Gang-related crime has increasingly become a focal point of criminal law enforcement, and among the new prosecutorial efforts the most praised is the anti-gang injunction. California state courts are leading the way in this trend, using public nuisance laws to enjoin gang members from a range of activities within specified city zones. The most authoritative decision on anti-gang injunctions is the California Supreme Court's 1997 holding in People ex rel. Gallo v. Acuna, which upheld their constitutionality. In this note, Matthew Mickle Werdegar critiques California's model and argues that the anti-gang injunction tool is not only flawed and ineffective, but also unconstitutional. Werdegar argues that the Acuna court should have found that anti-gang injunctions are unconstitutionally vague, and that enforcing them through criminal penalties equates to guilt by association. In addition, Werdegar argues for a due process right to legal representation for named individuals at the entry of the civil injunction. Werdegar concludes that only the abandonment of anti-gang injunctions can cure the constitutional defects, prevent discriminatory enforcement, and provide better solutions to gang-related crime.

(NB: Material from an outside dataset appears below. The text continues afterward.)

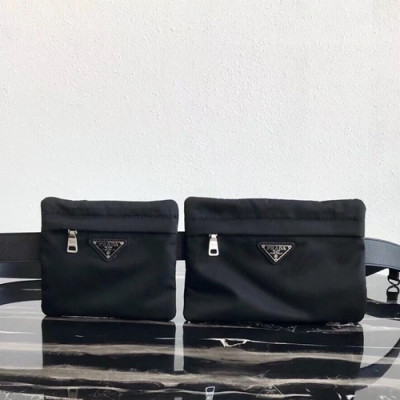 Prada 2019 Nylon Hip Sack, 19.4 & 15cm - 프라다 2019 남성용 나일론 힙색 ,PRAB0070, 19.4 & 15cm,블랙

They that can give up essential liberty to obtain a little temporary safety deserve neither liberty nor safety.
-- Benjamin Franklin(1)
Even as crime rates nationally are falling to levels not seen since the 1960s,(2) America continues to be preoccupied with crime.(3) Proposals for more police officers and prisons and for increasingly stringent criminal penalties remain extremely popular and continue to reside at the top of legislative agendas.(4) In particular, America's preoccupation with crime has focused on urban street gangs and the drug dealing and violence with which they are associated.(5) Yet urban street gangs and gang-related crime have proven highly resistant to traditional crime fighting methods.(6) Consequently, politicians, law enforcement officials, and legal theorists have devoted more attention to devising and advocating new, non-traditional law enforcement tools to bring gang-related crime under control.(7)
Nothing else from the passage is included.